Mes biographies d’écrivains, comme Madame de Staël, Proust, Chateaubriand, sont en général le fruit du hasard, voire d’une opportunité, mais il existe malgré tout un fil conducteur. Ayant par goût personnel voulu écrire une Histoire de l’Emigration, j’ai été frappé en lisant Souvenirs et Mémoires sur la fin du XVIII° siècle de l’âpreté des jugement sur Necker, véritablement jeté en pâture aux chiens après avoir été considéré pendant des années comme le sauveur de la France. Ainsi l’idée m’est-elle venue de le réhabiliter, puis, en travaillant à sa biographie, j’ai trouvé que sa fille Germaine de Staël était un personnage infiniment plus haut en couleur et intéressant. Je suis donc passé du père à la fille, et en préparant mon livre sur celle-ci j’ai amassé une documentation qui pouvait me servir également sur Chateaubriand, qui fut comme elle un grand opposant à Napoléon.

Dans ces deux écrivains, surtout Madame de Staël, j’ai admiré le goût des formules, les réflexions politiques, et j’en notais au passage avec l’idée que cela pouvait servir pour un autre livre, un ouvrage de morale politique par exemple. En revanche, j’ai fait d’autres livres pour le seul plaisir de témoigner ma reconnaissance à des auteurs qui avaient enchanté ma jeunesse, comme Jules Verne, dont j’ai analysé l’œuvre dans Le Tour de Jules verne en quatre-vingts livres, la comtesse de Ségur, dont l’œuvre, une fois décryptée, la montre, ainsi que Jules Verne, assez différente de l’image traditionnelle et enfin Ferdinand Bac, le premier à encourager ma vocation de mémorialiste et d’historien.
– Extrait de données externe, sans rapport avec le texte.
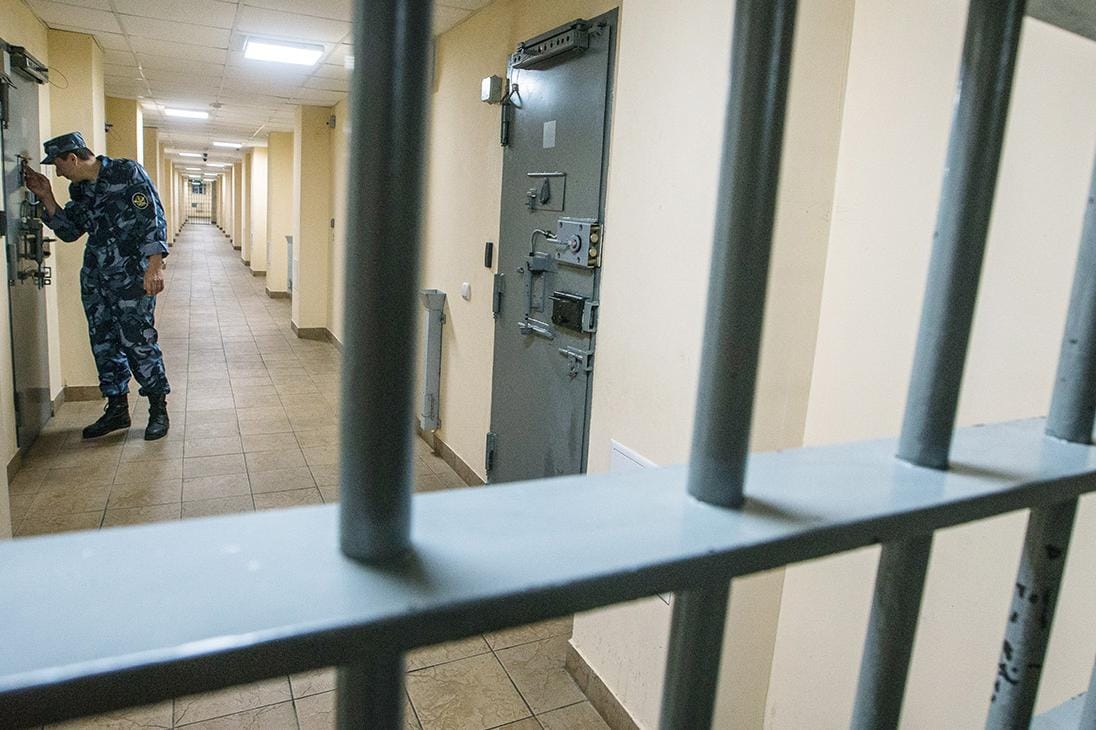 В 2026 году в России растет число уголовных дел против свидетелей Иеговы и сторонников движения «Артподготовка» — доклад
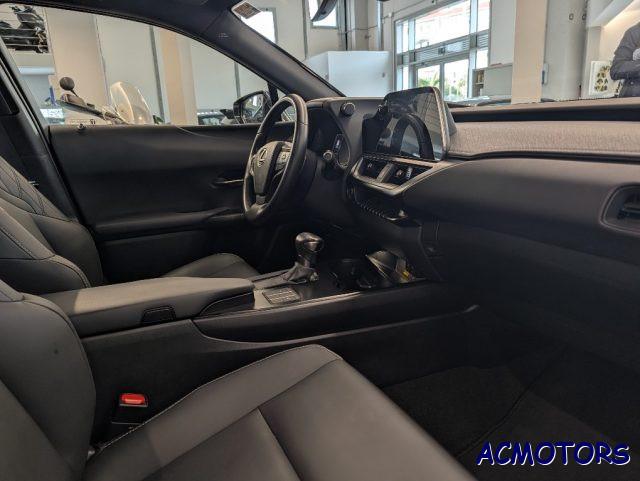 LEXUS UX 250h UX Hybrid 4WD Design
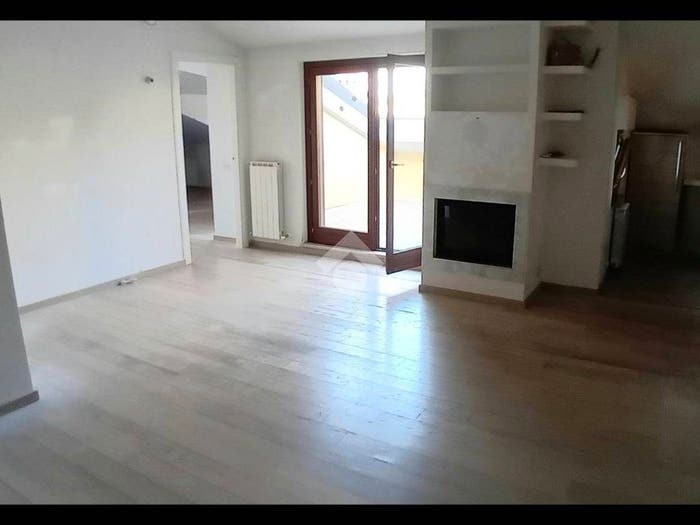 Appartamento trilocale in vendita in Via Mascagni, Borgo Rivo, Terni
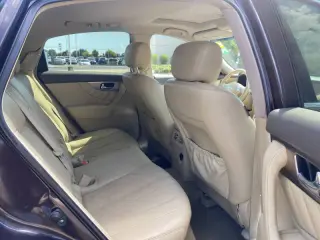 2011 Infiniti FX35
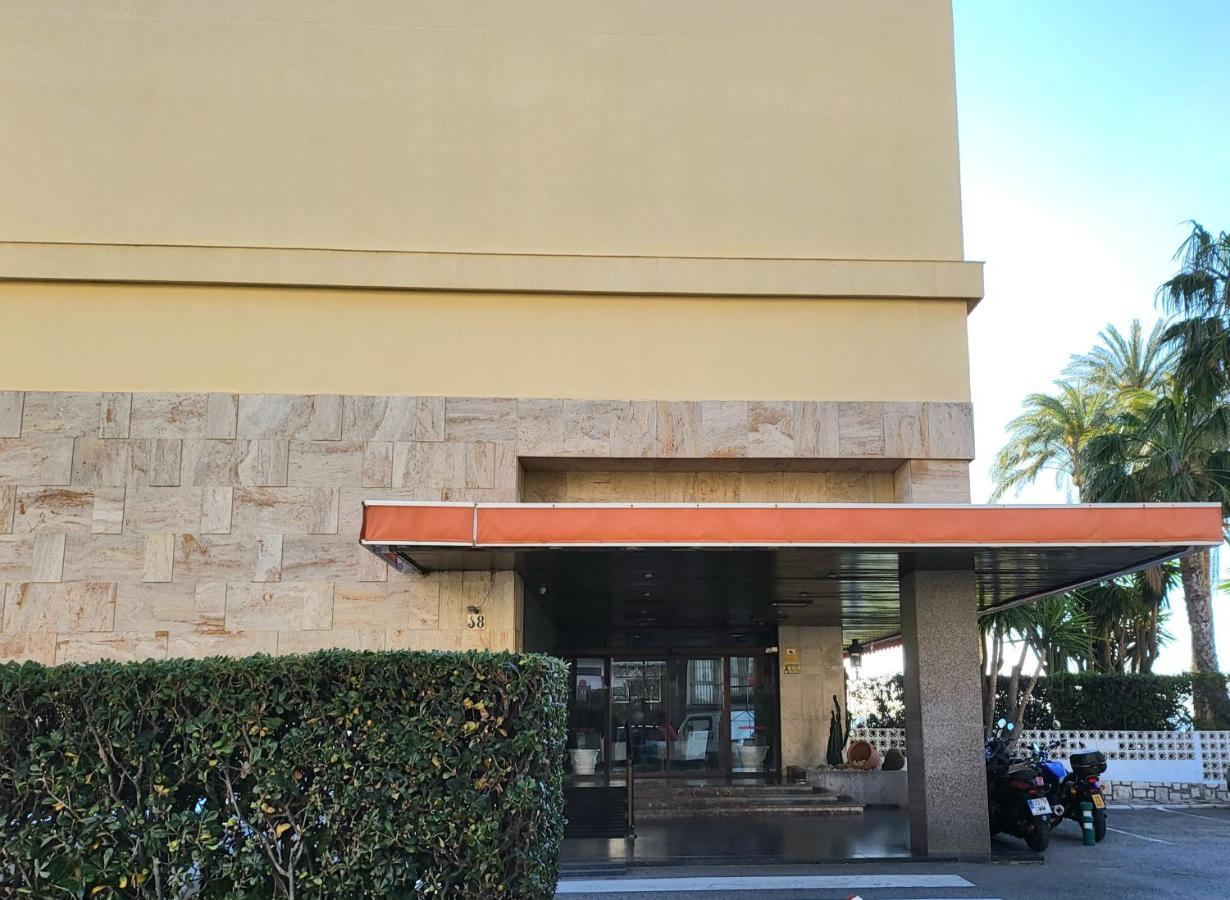 Apartamento Torre De La Roca Actual Torremolinos Eksteriør billede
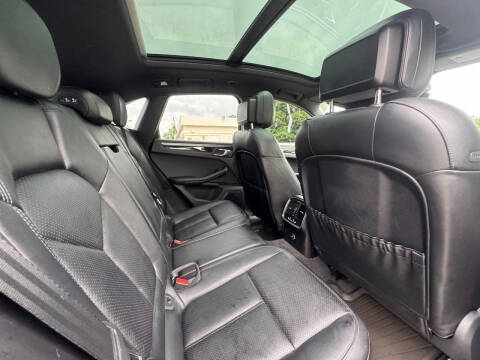 2017 Porsche Macan S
Vous publiez à Versailles un Petit dictionnaire des idées mal reçues, dans l’esprit de Rivarol, mais aussi de Proudhon, que vous citez: « j’ai pris la plume pour la servir – la liberté – et je n’aurai servi qu’à hâter la servitude générale et la confusion ». Quelle en est la genèse ?
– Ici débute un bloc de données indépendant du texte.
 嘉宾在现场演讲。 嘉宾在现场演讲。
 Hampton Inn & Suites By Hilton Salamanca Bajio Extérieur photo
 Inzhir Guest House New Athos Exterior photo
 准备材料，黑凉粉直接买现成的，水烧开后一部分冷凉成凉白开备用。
Le Petit dictionnaire des idées mal reçues a été composé d’une toute autre façon et au hasard des lectures, des rencontres, des observations faites pendant ma vie professionnelle et parfois de propos entendus dans un restaurant ou pendant une soirée mondaine. En vérité, je dirais qu’il s’est fait tout seul, sans plan préconçu, ce qui explique l’ordre alphabétique. Ayant toujours détesté la bêtise, j’avais été consterné en lisant le Dictionnaire des idées reçues de Flaubert, brave homme et petit esprit, ainsi que le montra d’ailleurs dans ses Souvenirs son ami Maxime du Camp, un auteur méconnu, lui.

Ce déclin que vous fustigez avec panache, pensez-vous que certains livres l’aient annoncé, voire précipité ? A contrario, certains titres, du passé comme du présent, vous semblent-ils de parfaits antidotes ?
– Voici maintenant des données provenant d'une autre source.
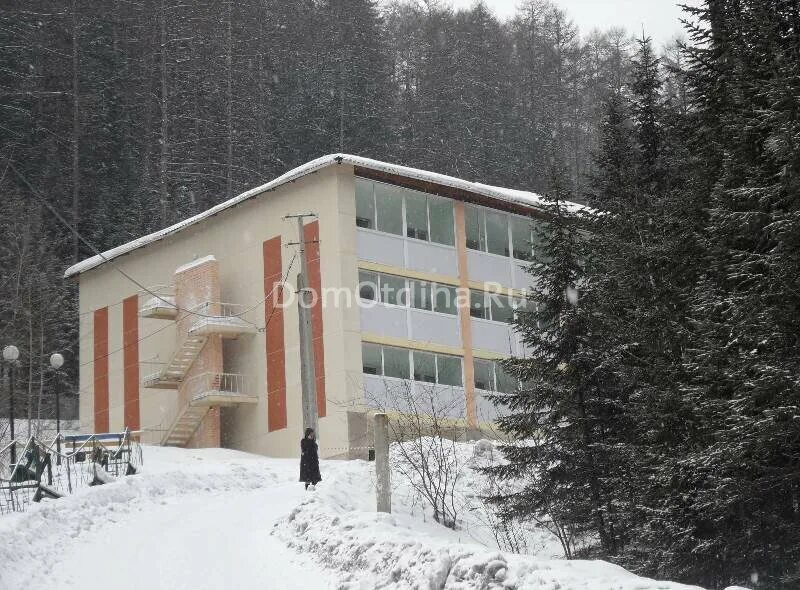 Тумнинский родник. Тумнин Хабаровский край санаторий. Тумнин санаторий горячий ключ. Санаторий горячий ключ Тумнин Хабаровский край. Санаторий горные ключи Хабаровский край.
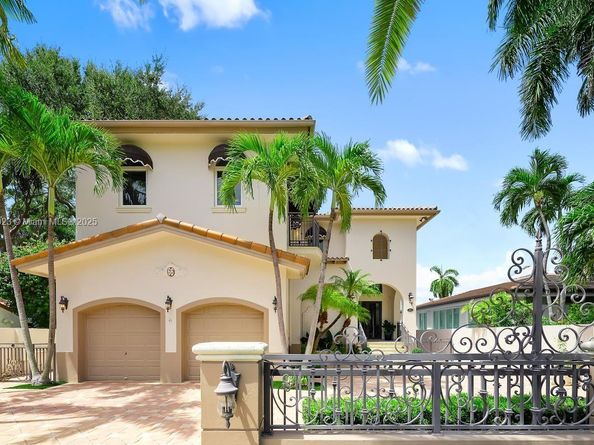 66 S Hibiscus Dr, Miami Beach FL 33139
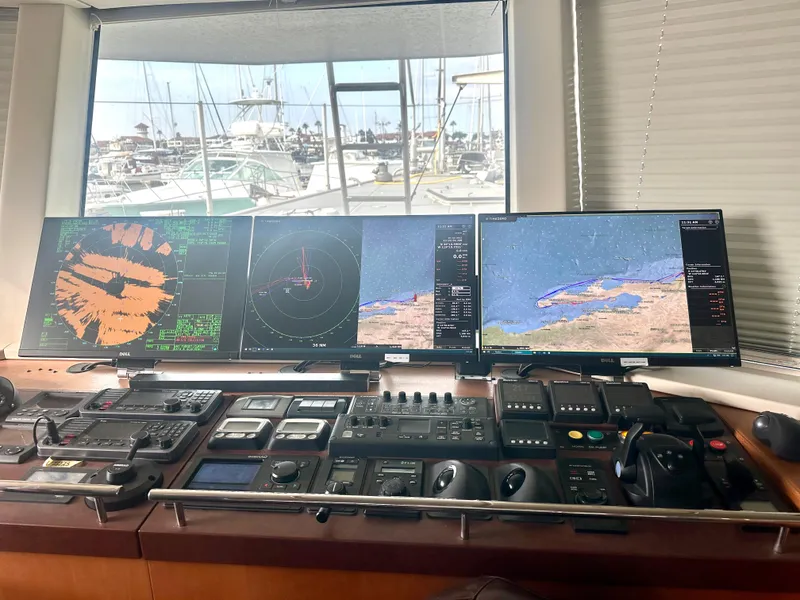 Slide: The Image of Navigation Data - 10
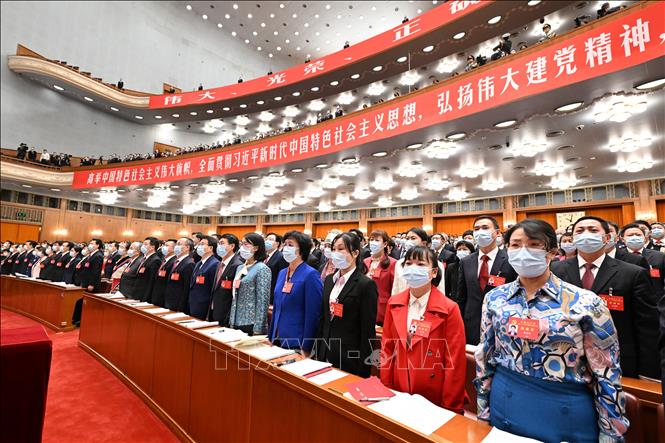 Các đại biểu đại diện cho hơn 96 triệu đảng viên và hơn 4,9 triệu tổ chức đảng cấp cơ sở tham dự Đại hội Đại biểu toàn quốc lần thứ XX Đảng Cộng sản Trung Quốc ở thủ đô Bắc Kinh, ngày 16/10/2022. Ảnh: THX/TTXVN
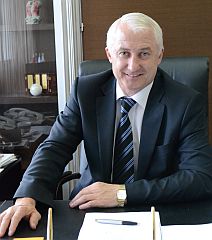 Руководитель департамента физкультуры и спорта Новосибирской области В.Братцев: "Мы отстояли строительство спортивных объектов в 2015 году на 70%"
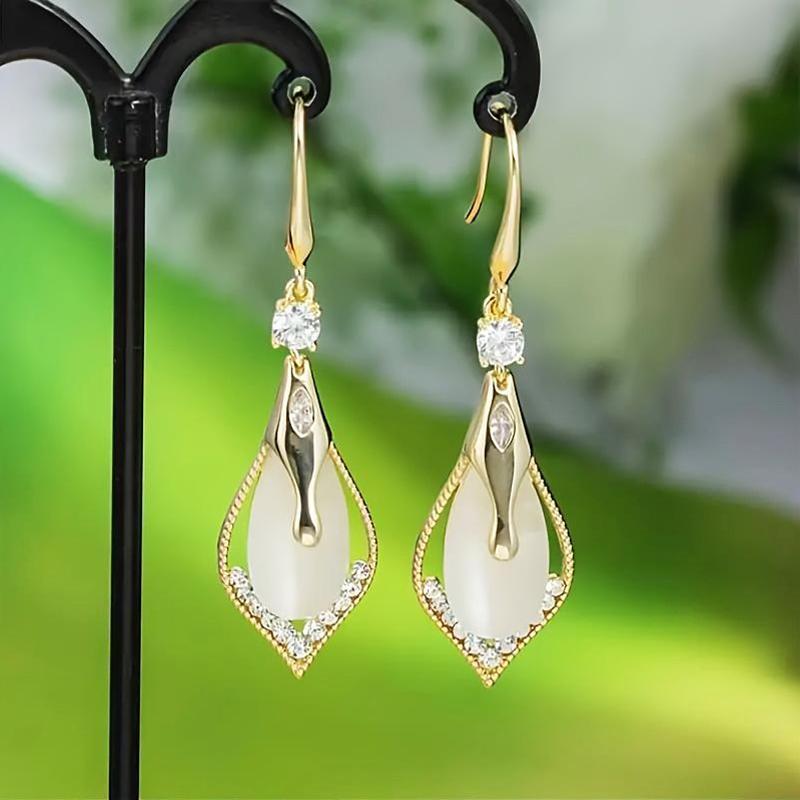 

Elegant And Beautiful Earrings Good Luck Fashionable And Versatile And Commemorative Earrings Birthday Gifts Party Gifts Earrings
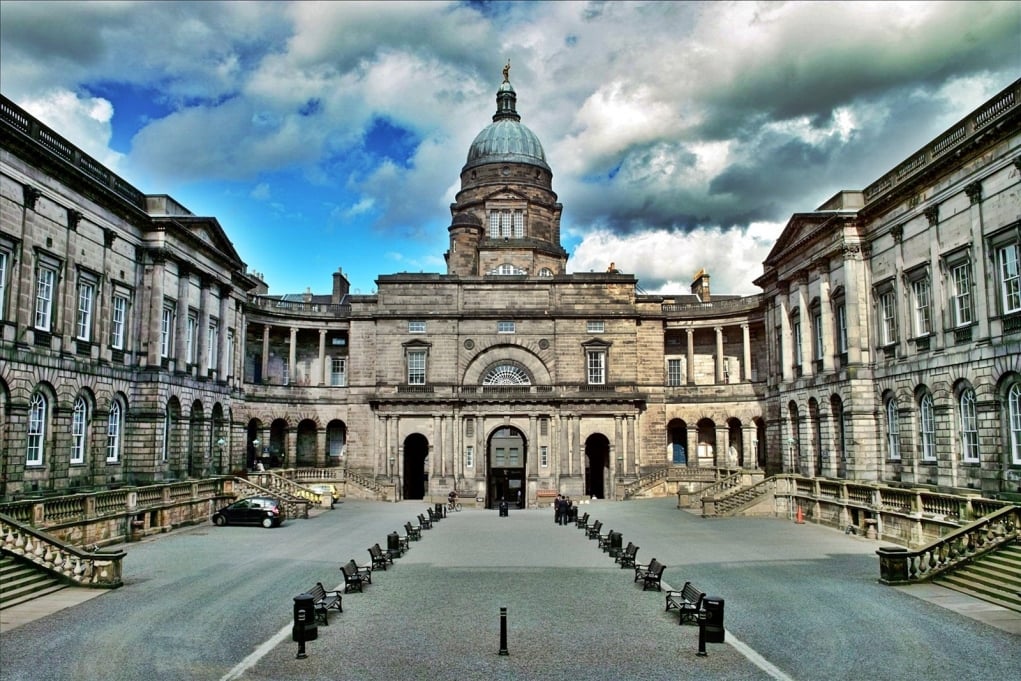 3. Dünyanın en iyi 19. üniversitesi : The University of Edinburgh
Le déclin que je stigmatise a, je le crains, toujours existé, depuis Louis XIV, je pense, et la seule chose qui a changé c’est l’accélération de l’Histoire. Avec le progrès technique, et la diffusion de plus en plus rapide, « en temps réel », des idées, surtout les mauvaises, l’homme d’aujourd’hui voit un pays se défaire ou se dissoudre alors qu’au XIX° siècle seuls des esprits pénétrants, comme Tocqueville ou Custine, voire Edmond de Goncourt, apercevaient les fissures et prophétisaient la ruine un jour de l’édifice. En ce qui concerne la France, il y eut dès l’aube du XX° siècle des écrivains comme Barrès qui sonnèrent le glas de la civilisation occidentale. Entre les deux guerres, dans les années 30, bien des écrivains publièrent des livres sur ce que l’un d’eux, un Anglais, appelait « Le suicide de la Vieille Europe ». Aucun de ces livres n’a eu malheureusement d’influence sur le cours des événements ; ils sont lus la plupart du temps par des esprits déjà convaincus, dont ils justifient les craintes ou les théories, mais demeurent sans effet sur « les masses » auxquelles reste en fin de compte le dernier mot, puisque ce sont elles qui votent.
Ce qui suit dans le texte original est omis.